“Cities for CEDAW” Seeks To Adopt UN Women’s Treaty into Local Laws

By Wendy Wright | January 29, 2015

NEW YORK, January 30 (C-Fam) Frustrated by the U.S. Senate’s decades-long refusal to ratify the UN Women’s Treaty activists are now asking local governments to adopt the controversial treaty as a city ordinance.

“Cities for CEDAW” was launched last year to “bring the global local” by leapfrogging the federal government and embedding “international human rights principles” – as defined by UN officials – into domestic practices. The campaign hopes to get 98 cities to adopt CEDAW in time for the U.S. National Mayor’s Conference in San Francisco in June 2015.

“This mobilization of civic engagement for Mayoral action in 2015 should create conditions under which the U.S. senate will ratify CEDAW,” says campaign organizers.

Around since 1979, neither Democratic nor Republican majorities in the U.S. Senate have ratified the Convention to Eliminate All Forms of Discrimination Against Women (CEDAW). Part of the resistance is the overreaching of the treaty monitoring body before which signatory governments must appear. Without authority or agreement, the CEDAW committee has rewritten whole swatches of the treaty with new understandings including a right to abortion.

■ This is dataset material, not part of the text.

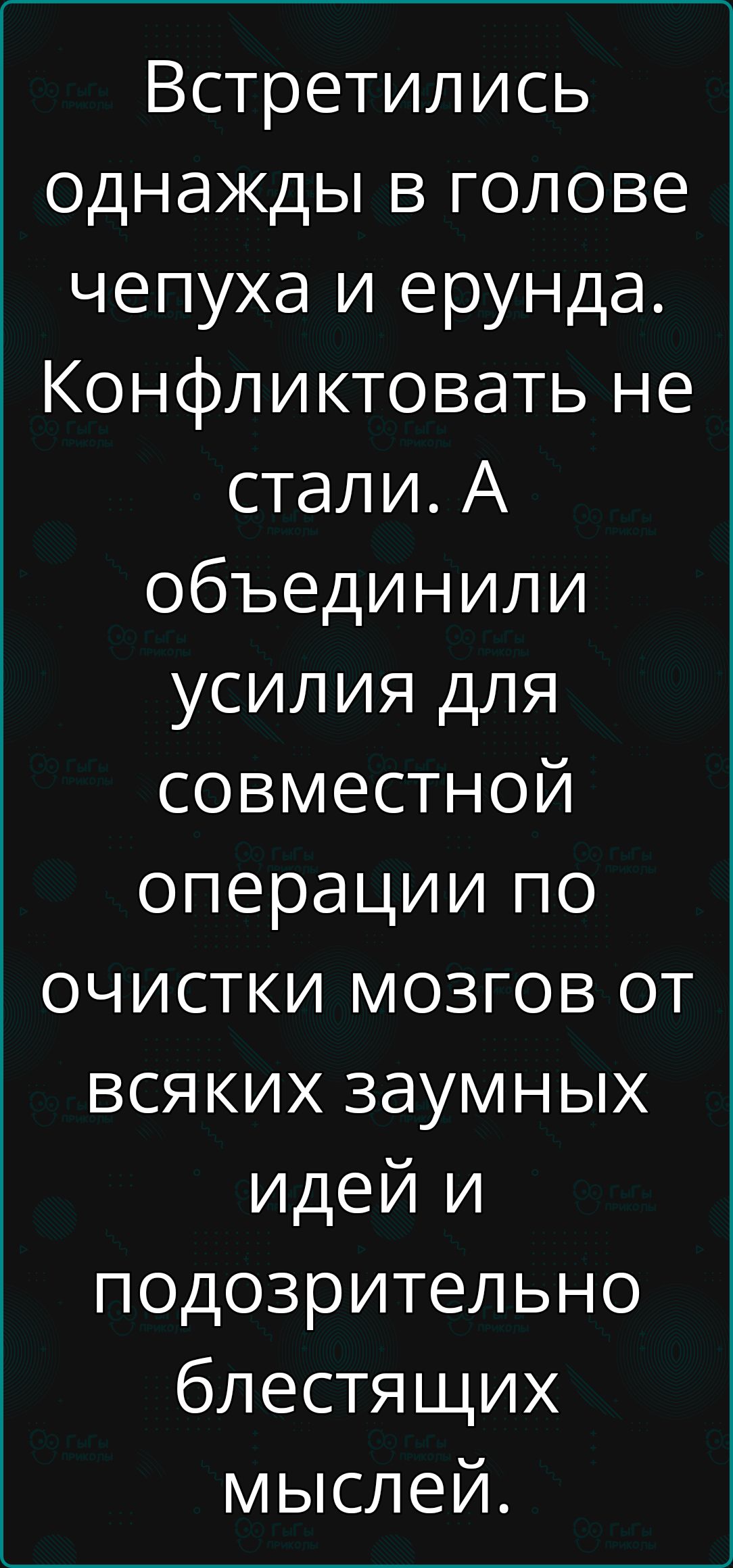 Встретились однажды в голове чепуха и ерунда Конфликтовать не стали А объединили усилия для совместной операции по очистки мозгов от всяких заумных идей и подозрительно блестящих мыслей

The CEDAW Committee has directed scores of governments to liberalize their abortion laws.

Last June the U.S. Conference of Mayors adopted a resolution encouraging cities to pass laws to apply the principles of CEDAW. It calls on local governments to use the international treaty as a standard to judge whether local policies and practices discriminate against women.

At the time, only two cities had adopted CEDAW: San Francisco and Los Angeles. Since then, only one more has gone along. Louisville, Kentucky, passed a non-binding “Resolution Supporting Cities for CEDAW Initiative” as a “first step toward adopting a future ordinance that would call for: a gender analysis of all Louisville Metro departments and commissions; the designation of an oversight body; and resources to support these actions.”

The Kentucky Religious Coalition for Reproductive Choice supported the resolution.

Right to Life groups opposed it, triggering a curious reaction. Councilwoman Tina Ward-Pugh, the chief sponsor, denied the effort was associated with abortion – or about ratifying the treaty. “It’s in the title, for crying out loud,” responded Councilman Kevin Kramer. An amendment to take “CEDAW” out of the resolution’s name was defeated, The Courier-Journal reported.

Ivan Šimonović, a top UN human rights official, endorsed Cities for CEDAW, telling supporters last week the U.S. has “challenges in sexual and reproductive health,” a phrase often used for abortion, even though the U.S. has among the most liberal abortion laws in the world.

Sheila Katzman is leading efforts to get New York City to adopt CEDAW. The oversight committee is a “tremendous benefit,” she said. It allows citizens to bring complaints without going to court, and “we get to assess and determine” if a violation has occurred.

In August a conference in California will put together a tool kit for municipal leaders, said Gavin Newsom, former mayor of San Francisco.